I
gladly give in to Zena Mewal’s response.
By: Dilwenberu
Nega
27th June 2009
Dear Zena Mewal
Thank you for your prompt response to my Open Letter
to Prime Minister Meles Zenawi. Glad
to learn that you and I are in agreement on the need for Meles to retain his
dual post of Prime Minister of FDRE and Chairman of EPDRF until 2015.
I could not agree more, nor could I have expressed
the sitting on the fence by what I described on my Open Letter as the “silent
majority” more potently than you did.
Your calibrated answer and with the benefit of hindsight, I have come to
realise that it was an inappropriate of me to have cling to what has now become
a somewhat worn-out cliché in the first instance.

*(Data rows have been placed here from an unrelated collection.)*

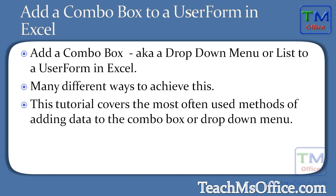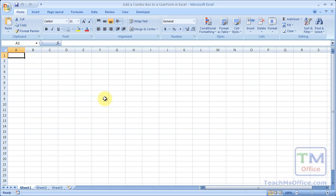So let's go to Excel and get started. Here we have a blank worksheet and a blank workbook.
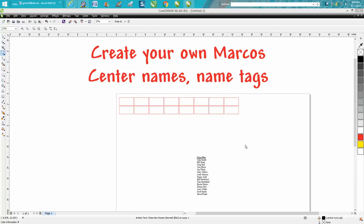Hi, it's me again with CorelDRAW tips and tricks. This is the fifth part, or the second part of centering names in a name tag. If you didn't watch the first video, you might want to watch how it got these names in here.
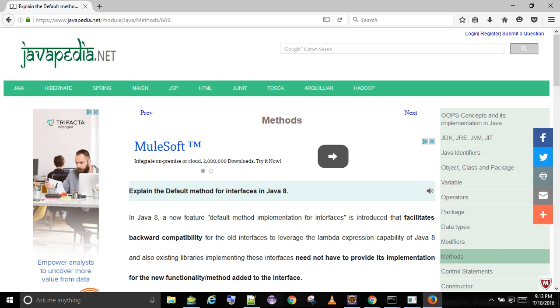Thus, default methods enable you to add new functionality to the interfaces of your libraries and ensure backward compatibility with code written using older versions of those interfaces without having to implement the new functionality.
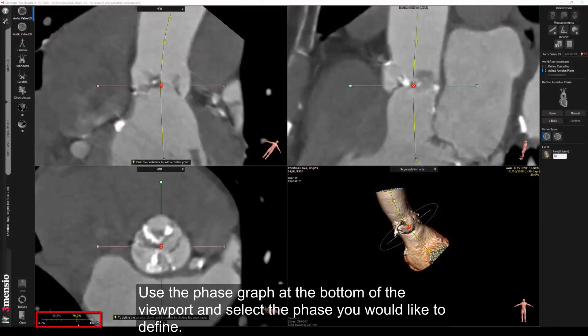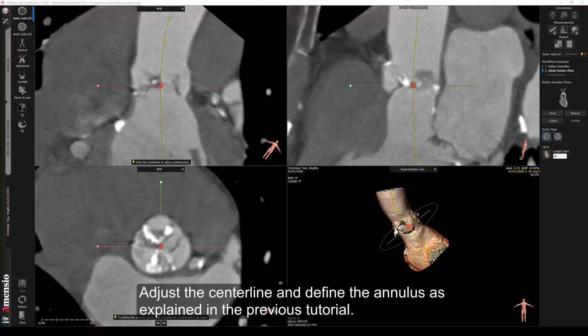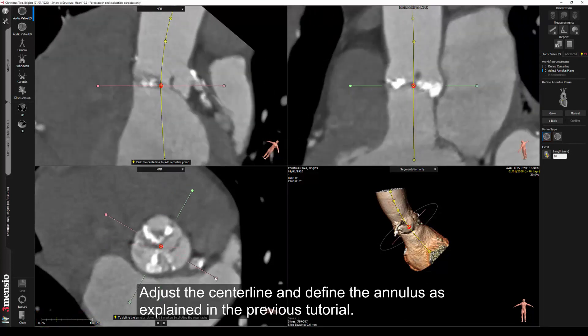Use the phase graph at the bottom of the viewport and select the phase you would like to define. Adjust the centerline and define the annulus as explained in the previous tutorial.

Your appellation of the behaviour of that section of
the Diaspora, which is woefully silent in their appreciations of the breath
taking changes that continues to take place in Ethiopia as “opportunists,” does
indeed hit the nail on the head.
However, you and I can travel half way and reach a consensus on the
reasons why the opportunists want to remain in their respective comfort zones
by rocking the boat.
I don’t know about you, but speaking from my own
experience, it took me more than a decade to extricate myself from a
herd-mentality of the Diaspora which still is in hoc to you name it: the
politics of hate and envy, parochialism, lies, fabrications, etc. This is the real world any Ethiopian is
confronted with 24/7. And, let’s face
it, it does not matter how well- educated or well- exposed to Western culture
one happens to be, courage – raw courage – is something that doesn’t come by
easily. You and I are well aware that
courage is something that you need to dig-out from within oneself and not
something that one can buy on prescription or over the counter at a chemist
near you.
The good thing is I sense a real determination by at
least the Ethiopian in Great Britain not to take the anti-EPDRF/Meles rumpus at
its face value. This, like it or not,
is a clear sign, yet, that the days of hoodwinking the Diaspora en masse is
numbered for the avatars of the politics of hate.
Meanwhile, however, you and I must be seen to be
exercising patience and grace when we see these opportunists hobnobbing with
visiting Ethiopian officials. Please
don’t get me wrong, I am not trying to either nurse or pacify the
opportunists. You see Zena Mewal;
don’t forget that there is time for everything: time to call a spade a spade,
and time to believe that discretion is the better part of valour.
This brings with it my thanks for your constructive criticism.